#### Exercise
Beginning with the first line, please return the entries exactly through the line that contains "Mercedes-Benz GLC 2018, 150000", and leave out all later lines.
***** Data excerpts *****
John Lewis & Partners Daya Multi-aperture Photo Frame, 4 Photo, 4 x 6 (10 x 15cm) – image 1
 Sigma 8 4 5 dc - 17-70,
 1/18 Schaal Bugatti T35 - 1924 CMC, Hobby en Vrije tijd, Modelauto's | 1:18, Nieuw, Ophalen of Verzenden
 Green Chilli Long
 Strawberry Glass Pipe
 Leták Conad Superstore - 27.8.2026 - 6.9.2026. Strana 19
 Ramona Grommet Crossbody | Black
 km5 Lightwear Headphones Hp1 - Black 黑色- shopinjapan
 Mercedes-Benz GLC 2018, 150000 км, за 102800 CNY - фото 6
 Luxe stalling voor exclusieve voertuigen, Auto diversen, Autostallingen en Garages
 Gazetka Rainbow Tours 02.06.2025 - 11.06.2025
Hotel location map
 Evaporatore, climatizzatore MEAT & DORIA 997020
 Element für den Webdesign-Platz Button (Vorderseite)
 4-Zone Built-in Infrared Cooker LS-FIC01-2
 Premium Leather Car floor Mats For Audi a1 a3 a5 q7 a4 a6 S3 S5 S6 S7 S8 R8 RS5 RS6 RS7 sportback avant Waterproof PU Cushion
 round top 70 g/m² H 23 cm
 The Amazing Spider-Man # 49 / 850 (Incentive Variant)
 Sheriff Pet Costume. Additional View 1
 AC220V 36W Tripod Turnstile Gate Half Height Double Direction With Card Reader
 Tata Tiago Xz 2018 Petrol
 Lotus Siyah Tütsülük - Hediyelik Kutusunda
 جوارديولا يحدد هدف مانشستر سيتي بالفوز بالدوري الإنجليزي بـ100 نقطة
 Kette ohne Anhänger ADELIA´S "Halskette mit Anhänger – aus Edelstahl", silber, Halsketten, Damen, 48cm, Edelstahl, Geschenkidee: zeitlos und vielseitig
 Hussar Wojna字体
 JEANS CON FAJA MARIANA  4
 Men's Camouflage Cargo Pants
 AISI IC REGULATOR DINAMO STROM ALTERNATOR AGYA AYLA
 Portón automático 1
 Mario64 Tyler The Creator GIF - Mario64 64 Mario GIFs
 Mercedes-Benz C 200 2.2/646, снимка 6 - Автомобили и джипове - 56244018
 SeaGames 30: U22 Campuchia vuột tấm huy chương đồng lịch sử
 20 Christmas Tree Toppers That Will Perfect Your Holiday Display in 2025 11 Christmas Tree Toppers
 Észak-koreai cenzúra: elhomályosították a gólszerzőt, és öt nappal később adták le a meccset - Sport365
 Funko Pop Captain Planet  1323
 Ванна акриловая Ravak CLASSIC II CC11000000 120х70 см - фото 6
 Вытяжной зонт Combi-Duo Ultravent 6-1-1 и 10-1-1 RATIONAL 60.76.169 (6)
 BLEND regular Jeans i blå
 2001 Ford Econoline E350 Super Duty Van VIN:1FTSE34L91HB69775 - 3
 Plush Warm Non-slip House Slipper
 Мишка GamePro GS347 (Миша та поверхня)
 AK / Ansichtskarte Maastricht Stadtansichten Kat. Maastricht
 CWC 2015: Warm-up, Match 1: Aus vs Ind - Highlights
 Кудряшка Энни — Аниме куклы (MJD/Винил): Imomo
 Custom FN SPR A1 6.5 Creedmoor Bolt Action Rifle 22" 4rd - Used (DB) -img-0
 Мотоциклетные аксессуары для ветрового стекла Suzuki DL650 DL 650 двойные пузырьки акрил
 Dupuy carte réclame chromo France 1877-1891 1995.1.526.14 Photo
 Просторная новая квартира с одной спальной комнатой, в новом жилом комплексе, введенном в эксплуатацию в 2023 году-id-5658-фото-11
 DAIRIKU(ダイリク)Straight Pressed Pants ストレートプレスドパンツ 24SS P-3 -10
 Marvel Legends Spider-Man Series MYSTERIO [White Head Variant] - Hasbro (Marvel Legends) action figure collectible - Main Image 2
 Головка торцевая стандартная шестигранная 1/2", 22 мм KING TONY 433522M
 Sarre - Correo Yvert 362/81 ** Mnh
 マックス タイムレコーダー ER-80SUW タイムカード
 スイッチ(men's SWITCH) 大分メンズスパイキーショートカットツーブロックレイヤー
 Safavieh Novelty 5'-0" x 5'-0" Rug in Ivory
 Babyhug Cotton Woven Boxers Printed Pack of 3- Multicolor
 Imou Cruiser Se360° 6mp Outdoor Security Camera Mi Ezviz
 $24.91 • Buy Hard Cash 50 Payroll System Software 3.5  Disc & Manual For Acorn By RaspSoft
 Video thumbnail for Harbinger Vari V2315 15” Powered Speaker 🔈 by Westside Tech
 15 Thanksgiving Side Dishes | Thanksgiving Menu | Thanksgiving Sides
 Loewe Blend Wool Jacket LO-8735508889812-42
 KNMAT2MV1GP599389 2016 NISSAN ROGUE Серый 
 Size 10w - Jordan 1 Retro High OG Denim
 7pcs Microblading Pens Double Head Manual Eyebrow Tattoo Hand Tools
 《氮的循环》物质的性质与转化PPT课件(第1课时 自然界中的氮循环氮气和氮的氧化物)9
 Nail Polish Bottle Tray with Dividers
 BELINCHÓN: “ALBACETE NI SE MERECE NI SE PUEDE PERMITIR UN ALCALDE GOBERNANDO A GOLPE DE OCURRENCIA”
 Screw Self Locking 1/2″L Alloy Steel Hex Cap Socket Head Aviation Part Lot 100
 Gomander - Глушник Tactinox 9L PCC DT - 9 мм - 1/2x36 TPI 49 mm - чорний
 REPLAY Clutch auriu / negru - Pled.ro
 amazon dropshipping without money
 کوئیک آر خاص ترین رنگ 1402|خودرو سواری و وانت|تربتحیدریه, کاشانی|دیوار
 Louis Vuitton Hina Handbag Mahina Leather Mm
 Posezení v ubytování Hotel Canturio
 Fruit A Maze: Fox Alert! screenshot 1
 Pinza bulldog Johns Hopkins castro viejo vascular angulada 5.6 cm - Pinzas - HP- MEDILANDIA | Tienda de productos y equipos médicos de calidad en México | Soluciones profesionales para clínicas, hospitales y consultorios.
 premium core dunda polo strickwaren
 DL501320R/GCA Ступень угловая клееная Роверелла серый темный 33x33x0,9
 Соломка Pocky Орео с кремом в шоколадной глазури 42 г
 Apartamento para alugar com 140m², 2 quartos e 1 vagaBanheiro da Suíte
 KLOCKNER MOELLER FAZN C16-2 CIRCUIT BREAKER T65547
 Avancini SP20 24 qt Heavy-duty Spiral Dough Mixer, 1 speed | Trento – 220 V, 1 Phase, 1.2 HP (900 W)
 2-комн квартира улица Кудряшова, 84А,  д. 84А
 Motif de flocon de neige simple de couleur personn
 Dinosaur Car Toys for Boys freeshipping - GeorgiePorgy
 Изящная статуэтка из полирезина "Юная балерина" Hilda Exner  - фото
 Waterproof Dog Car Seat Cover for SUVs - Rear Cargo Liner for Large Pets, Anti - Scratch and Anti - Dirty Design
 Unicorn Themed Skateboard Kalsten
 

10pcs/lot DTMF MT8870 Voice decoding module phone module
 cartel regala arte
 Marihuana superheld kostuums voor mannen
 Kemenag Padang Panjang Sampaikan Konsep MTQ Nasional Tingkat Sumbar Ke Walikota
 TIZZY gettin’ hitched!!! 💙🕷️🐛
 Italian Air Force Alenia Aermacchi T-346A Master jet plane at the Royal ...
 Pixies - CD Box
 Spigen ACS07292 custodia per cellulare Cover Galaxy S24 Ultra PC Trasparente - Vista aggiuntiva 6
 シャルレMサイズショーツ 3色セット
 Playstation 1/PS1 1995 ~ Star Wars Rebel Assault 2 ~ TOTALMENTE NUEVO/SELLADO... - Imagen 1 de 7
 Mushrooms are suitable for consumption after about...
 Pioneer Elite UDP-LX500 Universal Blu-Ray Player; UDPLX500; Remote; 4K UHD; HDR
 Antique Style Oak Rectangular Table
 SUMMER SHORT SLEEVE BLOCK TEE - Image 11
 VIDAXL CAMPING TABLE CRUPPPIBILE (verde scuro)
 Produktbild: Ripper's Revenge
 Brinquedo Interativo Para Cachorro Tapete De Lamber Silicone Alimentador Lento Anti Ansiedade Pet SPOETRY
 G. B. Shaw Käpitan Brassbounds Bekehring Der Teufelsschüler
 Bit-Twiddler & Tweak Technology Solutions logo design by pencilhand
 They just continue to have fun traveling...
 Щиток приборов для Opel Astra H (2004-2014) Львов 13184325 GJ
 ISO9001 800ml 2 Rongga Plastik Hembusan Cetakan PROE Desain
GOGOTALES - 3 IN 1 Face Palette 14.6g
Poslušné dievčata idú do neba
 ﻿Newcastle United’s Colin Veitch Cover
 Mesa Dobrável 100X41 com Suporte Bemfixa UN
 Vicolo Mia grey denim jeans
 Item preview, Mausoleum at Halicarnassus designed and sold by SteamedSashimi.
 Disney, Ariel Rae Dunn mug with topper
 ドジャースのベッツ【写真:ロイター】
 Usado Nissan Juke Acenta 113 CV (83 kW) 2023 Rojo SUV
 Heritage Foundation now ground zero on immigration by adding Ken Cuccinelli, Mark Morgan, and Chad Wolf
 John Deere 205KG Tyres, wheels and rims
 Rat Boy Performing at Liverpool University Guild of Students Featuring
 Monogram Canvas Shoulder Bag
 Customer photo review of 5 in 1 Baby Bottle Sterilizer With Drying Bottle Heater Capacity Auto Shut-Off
*****
#### Answer space
John Lewis & Partners Daya Multi-aperture Photo Frame, 4 Photo, 4 x 6 (10 x 15cm) – image 1
 Sigma 8 4 5 dc - 17-70,
 1/18 Schaal Bugatti T35 - 1924 CMC, Hobby en Vrije tijd, Modelauto's | 1:18, Nieuw, Ophalen of Verzenden
 Green Chilli Long
 Strawberry Glass Pipe
 Leták Conad Superstore - 27.8.2026 - 6.9.2026. Strana 19
 Ramona Grommet Crossbody | Black
 km5 Lightwear Headphones Hp1 - Black 黑色- shopinjapan
 Mercedes-Benz GLC 2018, 150000 км, за 102800 CNY - фото 6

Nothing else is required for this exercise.